Se trata de vivir con piedad religiosa, en estos días santos, los misterios que son el fundamento de nuestra fe junto con la Encarnación y venida en carne del Hijo del Dios, Jesucristo, el centro y la cima de toda la historia humana, la clave y el sentido de todo. Con hondo y sincero fervor habrían de ser vividos los misterios acaecidos en Jerusalén en tiempo de Poncio Pilato, que han cambiado la faz de la tierra y la han hecho brillar con la luz inextinguible de la redención que se extiende a todos los hombres y pueblos.
En la acción litúrgica, o en las visitas al “Monumento” donde se encuentra el Señor Sacramentado, o en las vigilias de oración, en los “Via Crucis” que se hagan, en las procesiones o en otras manifestaciones de la piedad popular, en los momentos intensos de oración sencilla y auténtica, o en las obras de penitencia y de caridad de estas jornadas, necesitamos que Dios nos ayude para que nos llenemos de cuanto estos días celebramos, es decir: de la fuerza vivificadora que procede de la Cruz y de la Resurrección del único Nombre, Cristo, que se nos ha dado a los hombres para la salvación de todos.
Que Dios nos conceda el vivir estos días en un ambiente de oración intensa y verdadera, en adoración humilde y en acción de gracias, en plegaria confiada por las necesidades de todos para que a todos alcance la alegría de la salvación, en contemplación de tanto amor por nosotros, para que de ahí saquemos amor para amar con ese mismo amor que, en derroche de gracia y sabiduría, vemos y palpamos en los misterio de la Pascua.
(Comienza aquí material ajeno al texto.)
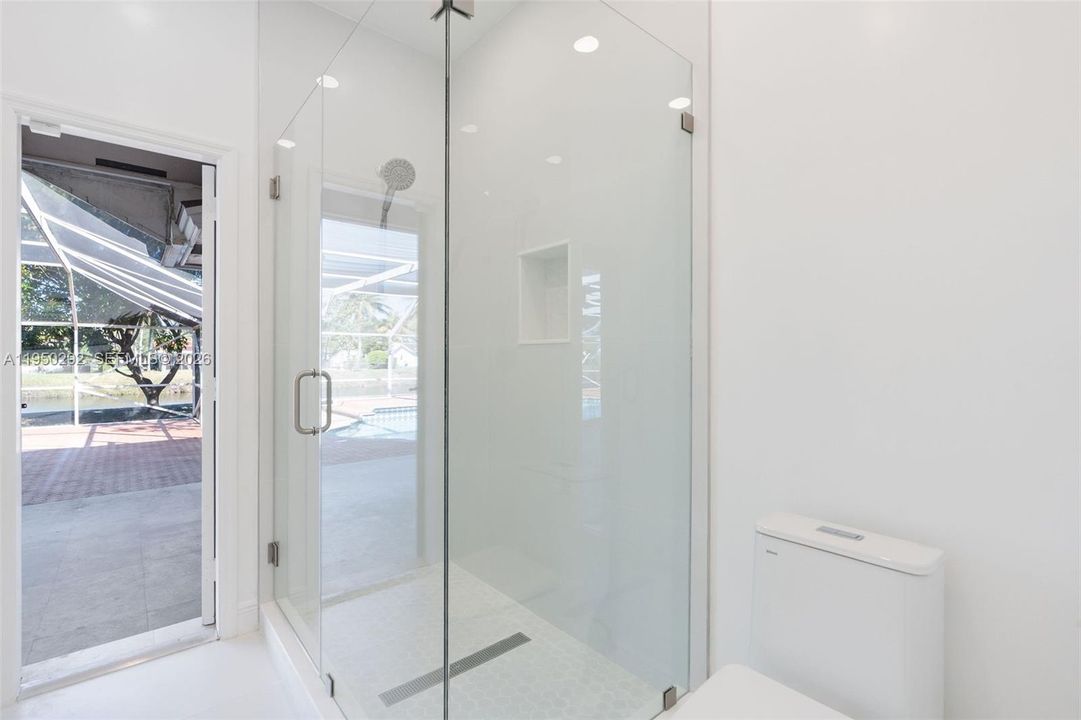 Active With Contract: $10,000 (4 beds, 4 baths, 3422 Square Feet)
Que venga a nosotros el auxilio de la gracia divina para que sea una Semana Santa celebrada en verdad, Semana que sea arranque y aliento para el resto de las semanas, vivida en conformidad plena con la verdad auténtica que en ella se contiene: la del amor de Dios que nos ama hasta el extremo para que su amor esté en nosotros y nos amemos como Él nos ha amado en su Hijo aclamado por los pequeños, los niños y sencillos con palmas y ramos de olivo en su entrada en Jerusalén, hecho pan y vino –cuerpo y sangre– partido y derramado por nosotros, traicionado, acusado injustamente, apresado y llevado a los tribunales inicuos, condenado y ajusticiado como un malhechor, con los hombros cargados y abrumados por nuestros delitos, colgado del madero de la cruz fuera de la ciudad, sepultado en un sepulcro que ni siquiera es suyo, resucitado, triunfador de la muerte, piedra angular sobre la que únicamente se puede edificar una humanidad nueva.
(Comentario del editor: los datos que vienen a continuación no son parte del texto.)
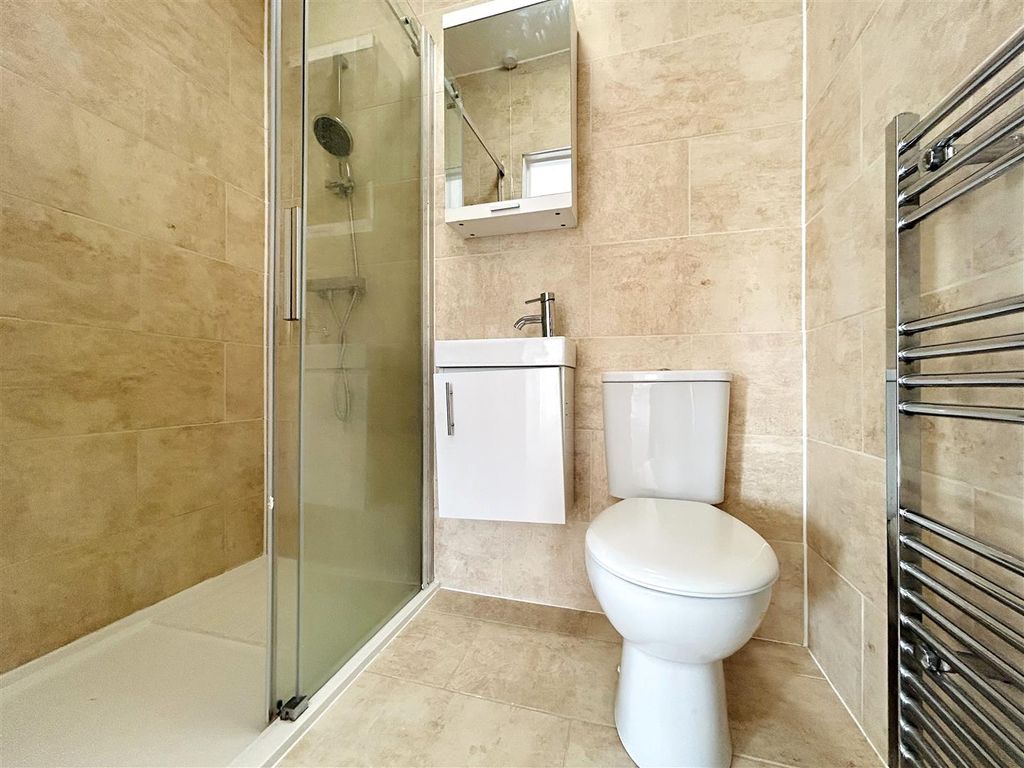 Property photo 3 of 8 Shower Room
Para celebrar con verdad la Semana Santa, estamos llamados a vivir de manera especialmente fuerte la caridad que brota del costado abierto de Cristo y de su Cuerpo entregado, con obras de caridad significativas, con limosnas, con visitas a los enfermos y a los pobres y desamparados. No podemos olvidar que el Jueves Santo, día de la Institución de la Eucaristía o memorial del que se entrega por nosotros habiendo amado hasta el extremo a los suyos, es el Día del amor fraterno, inseparable de los demás días de esta Semana: forma una unidad con ellos. Como la Cena del Jueves Santo en que Jesús lavó los pies a los discípulos y nos dejó el testamento como alianza nueva y eterna de ese amor entregado por todos los hombres, toda la Semana y todo el año no debería ser otra cosa que expresión y realidad viva de su mismo amor: hacer lo mismo que Él ha hecho y nos ha dejado.
Corazones, miradas, pensamientos y deseos de los cristianos, estos días, se recogerán en un interior contemplativo, mirando a la cruz, oteando la alborada de la mañana de Pascua en la que quedan rotas todas las cadenas y amenazas de mal y de muerte que pesan sobre la humanidad entera, en estos momentos de oscuridad que nos envuelve. Junto a los “Pasos de Pasión” estos días desfilan también inseparables, como un largo “via crucis” o un eterno calvario –siempre el mismo–, tanto sufrimiento y tanto horror, tanta herida y tanta sangre, tanta muerte y tanta amenaza de aniquilación, tanta injusticia y tanta violencia, como aqueja hoy nuestro mundo, como se ceba en todos los crucificados con Cristo a lo largo de los tiempos de nuestro propio tiempo.
¿Qué se puede hacer?
“Los Evangelios cuentan que a un hombre, llamado Simón, ‘le obligaron a llevar su cruz’ y que había algunas mujeres que los seguían, llorando, a lo largo de todo el camino hasta el lugar de la crucifixión. La tradición narra que una mujer, de nombre Verónica, enjugó el rostro de Jesús con un lienzo. El Evangelio de San Juan nos dice que ‘junto a la cruz de Jesús estaban su madre y la hermana de su madre, María, mujer de Cleofás, y María Magdalena, así como el discípulo a quien El quería’. Los fieles no abandonaron al Hijo de Dios escondido en el Hijo del Hombre que sufría. También para nosotros, Jesús en la Cruz se convierte en la prueba de nuestra fe y en el juicio de Dios sobre nuestra conducta” (Juan Pablo II).
Celebrar, en consecuencia, la Semana Santa en verdad reclama unirnos a Cristo crucificado, unirnos en Él y con Él a los crucificados y sufrientes de nuestro tiempo, a las víctimas de la violencia, a los que padecen el desamor, para mostrarles el amor redentor, para que puedan “ver” a Jesús, que ha dado su vida por ellos y quieren conocerlo, verlo y palparlo, como nosotros lo hemos visto y palpado en su cercanía de infinita compasión, misericordia y amor por todos. Que esta Semana sea muy santa, es decir, llena de fe y de amor, abierta a la esperanza.